School districts and local government alike are getting in on the public-private partnership act in growing numbers. Huntington and South Huntington schools have worked closely with Huntington Station-based TEQ, a professional development and technology firm that has been a key partner in launching the Jack Abrams and Silas Wood STEM programs.
The Harborfields School District also recently opened the door for direct support of extracurricular activities by businesses by reviving a banner program, which allows businesses and families to sponsor a banner for a specific organization that will receive the lion’s share of the donation. A smaller portion is earmarked for a general activities fund.
And one of the Town of Huntington’s largest initiatives – brick-and-mortar revitalization of Huntington Station – is powered by a partnership with for-profit developers Renaissance Downtowns.
In the case of the former library, the building had been empty since Huntington Fine Arts picked up and moved to Greenlawn. Assemblyman Chad Lupinacci, a former member of the South Huntington school board, said the board considered selling the building, but decided against it – a “wise choice,” he said Saturday.
The arrangement has also allowed the Spirit of Huntington Art Center to grow after moving in last November.
The move came after its former home, a converted gas station at the corner of 25A and Park Avenue in Huntington village, became unavailable. At that station, the work of founder Erich Preis began when he started painting on the building a mural honoring the late Len Totora Jr., a Korean War veteran and owner of L&L Camera in the village. He followed with a second work commemorating George Washington’s 1790 visit to Platt’s Tavern, setting the stage for an art center to grow from within.
All of Preis’ work is dedicated to the memory of his college roommate, Michael Noeth, who “taught me everything I know about art.” He was killed at the Pentagon during the Sept. 11, 2001 terrorist attacks. Preis’ subsequent work to support homeless veterans with the late Len Totora Jr. and his efforts at the Spirit of Huntington Art Center, which includes services for special-needs children and adults, has been done in Noeth’s honor.
When Pries first recommended the library property to New Media CEO Michael Kitakis, also active in the Spirit of Huntington center, he thought the building was unattainable. But rather than ask Spirit of Huntington for money, Bennardo and the district allows the center to pay through in-kind extracurricular services.
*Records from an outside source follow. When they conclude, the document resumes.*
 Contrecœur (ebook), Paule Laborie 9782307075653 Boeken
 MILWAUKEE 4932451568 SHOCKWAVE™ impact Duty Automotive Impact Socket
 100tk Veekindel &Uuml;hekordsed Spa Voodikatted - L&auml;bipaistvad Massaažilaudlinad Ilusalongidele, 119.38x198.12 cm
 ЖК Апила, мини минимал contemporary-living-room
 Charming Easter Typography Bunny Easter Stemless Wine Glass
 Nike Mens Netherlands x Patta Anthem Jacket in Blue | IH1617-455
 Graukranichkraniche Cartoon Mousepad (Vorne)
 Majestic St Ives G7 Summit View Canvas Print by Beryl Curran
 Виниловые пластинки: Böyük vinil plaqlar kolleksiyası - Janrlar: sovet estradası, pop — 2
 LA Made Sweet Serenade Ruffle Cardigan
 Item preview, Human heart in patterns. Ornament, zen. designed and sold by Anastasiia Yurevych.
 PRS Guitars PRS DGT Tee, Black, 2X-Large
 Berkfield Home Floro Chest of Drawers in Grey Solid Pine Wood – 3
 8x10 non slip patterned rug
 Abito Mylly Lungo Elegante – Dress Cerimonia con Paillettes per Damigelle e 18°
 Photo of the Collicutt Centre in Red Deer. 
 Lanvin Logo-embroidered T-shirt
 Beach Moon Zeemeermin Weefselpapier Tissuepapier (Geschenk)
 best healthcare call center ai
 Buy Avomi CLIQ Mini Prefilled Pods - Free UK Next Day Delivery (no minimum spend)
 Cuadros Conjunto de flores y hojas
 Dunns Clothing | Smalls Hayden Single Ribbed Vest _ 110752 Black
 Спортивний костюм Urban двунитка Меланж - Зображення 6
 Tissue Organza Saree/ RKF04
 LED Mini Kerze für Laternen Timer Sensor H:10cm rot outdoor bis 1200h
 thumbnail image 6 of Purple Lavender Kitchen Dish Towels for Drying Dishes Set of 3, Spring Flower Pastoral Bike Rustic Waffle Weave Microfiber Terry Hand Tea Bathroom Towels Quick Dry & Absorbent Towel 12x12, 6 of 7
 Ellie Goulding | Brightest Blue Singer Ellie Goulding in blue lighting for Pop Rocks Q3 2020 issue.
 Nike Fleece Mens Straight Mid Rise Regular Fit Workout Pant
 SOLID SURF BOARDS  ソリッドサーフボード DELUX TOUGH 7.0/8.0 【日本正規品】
After starting with middle-school students, Spirit of Huntington is offering a high-school portfolio program, providing South Huntington students the guidance they need as they develop art portfolios in traditional and digital media alike.
“What’s so unique is no one’s ever worked so closely from a school district with businesses in the community to offer assistance, training and support,” Pries said.
Other for-profit entities, such as Kitakis’ New Media firm, SAT tutors Dream Tree Academy and Video Design Software, producers of television news ticker software, pay rent to the district, but also contribute by offering internships and tutoring services.
And that, Bennardo said, is what the partnership is all about.
“It’s one thing getting rent. It’s another thing staying in the educational mold and building these community friendships,” the superintendent said.